Exercise goal: Directions for the data below: repeat exactly the lines from the one with "round brown framed analog watch" through the one with "Large Lot of", both included, and omit all pictures.

Information provided:
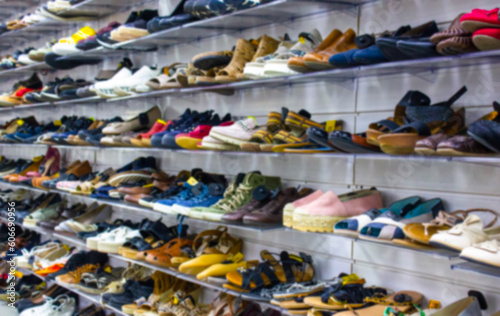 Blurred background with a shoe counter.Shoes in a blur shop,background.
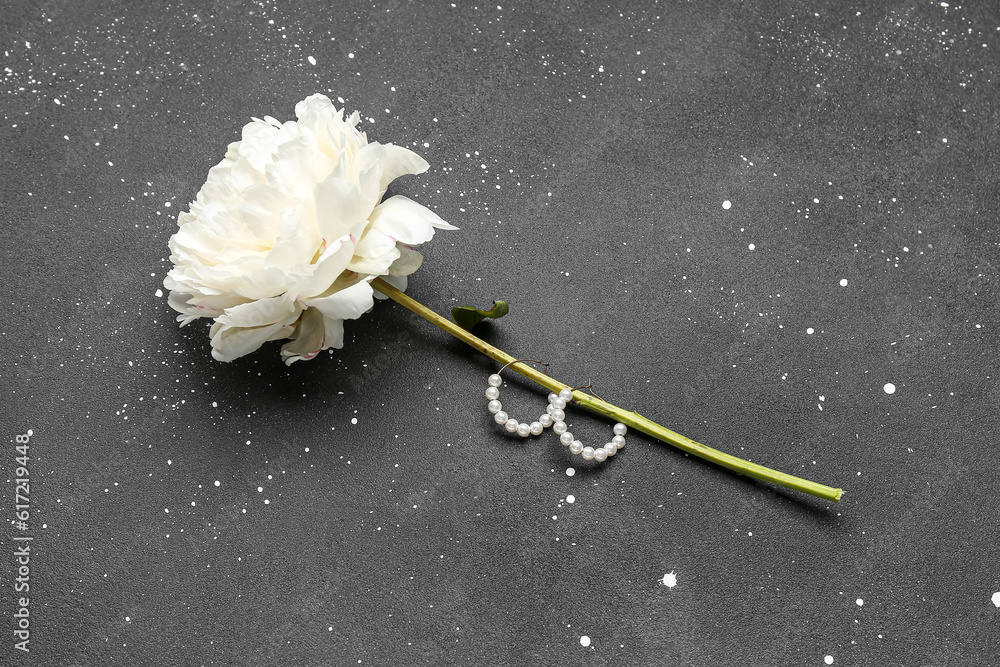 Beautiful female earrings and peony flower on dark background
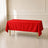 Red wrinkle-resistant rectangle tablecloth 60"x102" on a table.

* * *

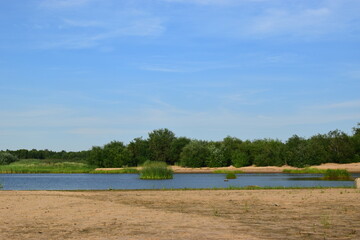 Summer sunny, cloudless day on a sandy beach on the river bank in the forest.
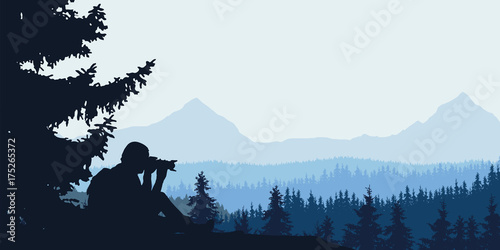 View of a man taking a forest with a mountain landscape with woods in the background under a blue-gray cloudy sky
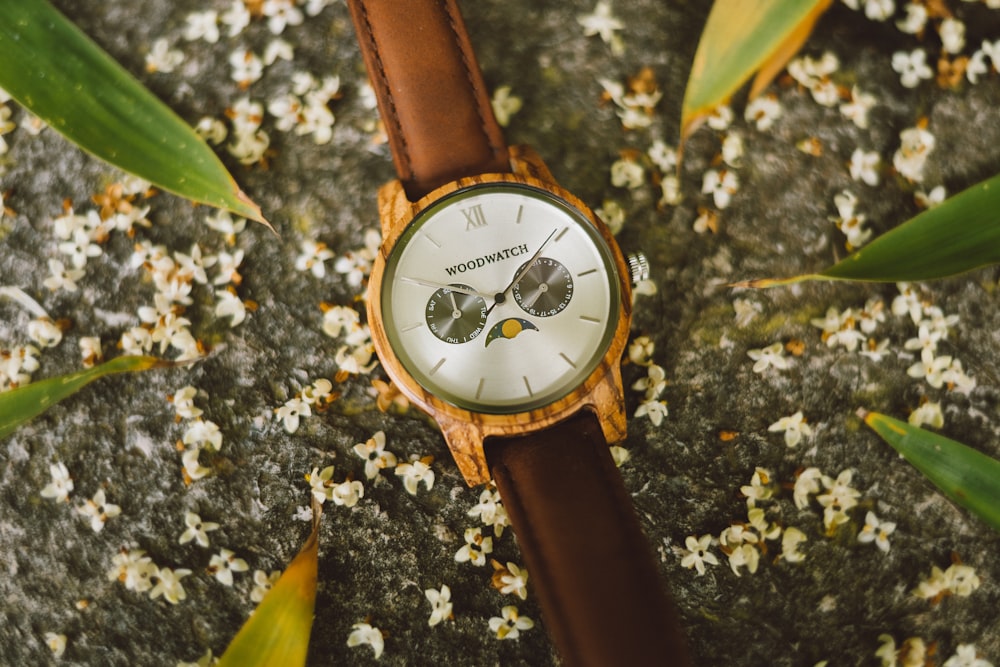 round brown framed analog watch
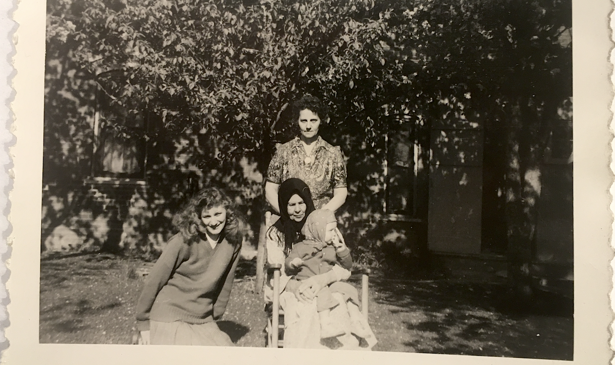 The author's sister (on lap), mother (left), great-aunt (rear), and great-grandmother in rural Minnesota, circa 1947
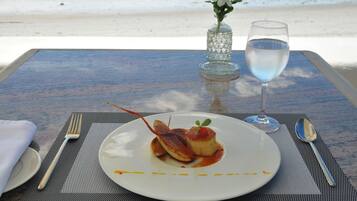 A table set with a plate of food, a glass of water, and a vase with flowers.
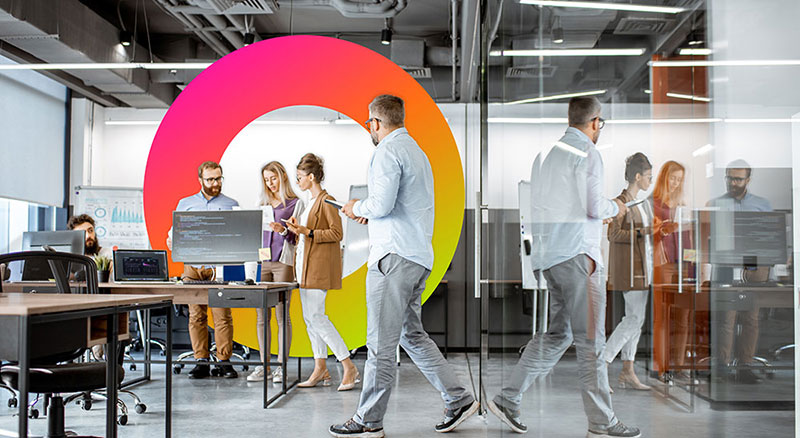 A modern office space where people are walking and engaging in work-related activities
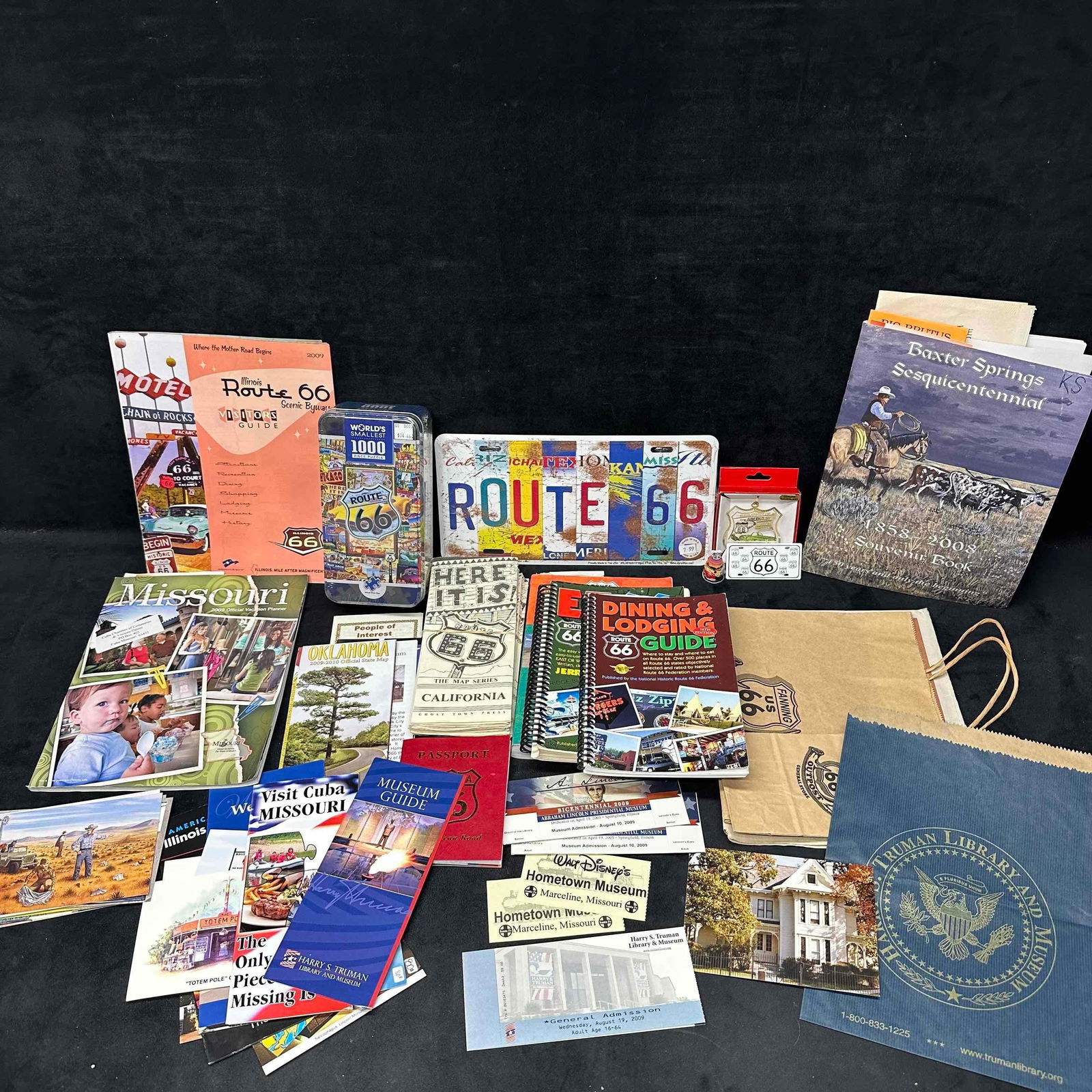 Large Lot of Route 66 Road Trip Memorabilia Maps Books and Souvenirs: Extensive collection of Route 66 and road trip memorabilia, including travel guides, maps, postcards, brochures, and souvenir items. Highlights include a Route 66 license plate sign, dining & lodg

Finished task:
 round brown framed analog watch
 The author's sister (on lap), mother (left), great-aunt (rear), and great-grandmother in rural Minnesota, circa 1947
 A table set with a plate of food, a glass of water, and a vase with flowers.
 A modern office space where people are walking and engaging in work-related activities
 Large Lot of Route 66 Road Trip Memorabilia Maps Books and Souvenirs: Extensive collection of Route 66 and road trip memorabilia, including travel guides, maps, postcards, brochures, and souvenir items. Highlights include a Route 66 license plate sign, dining & lodg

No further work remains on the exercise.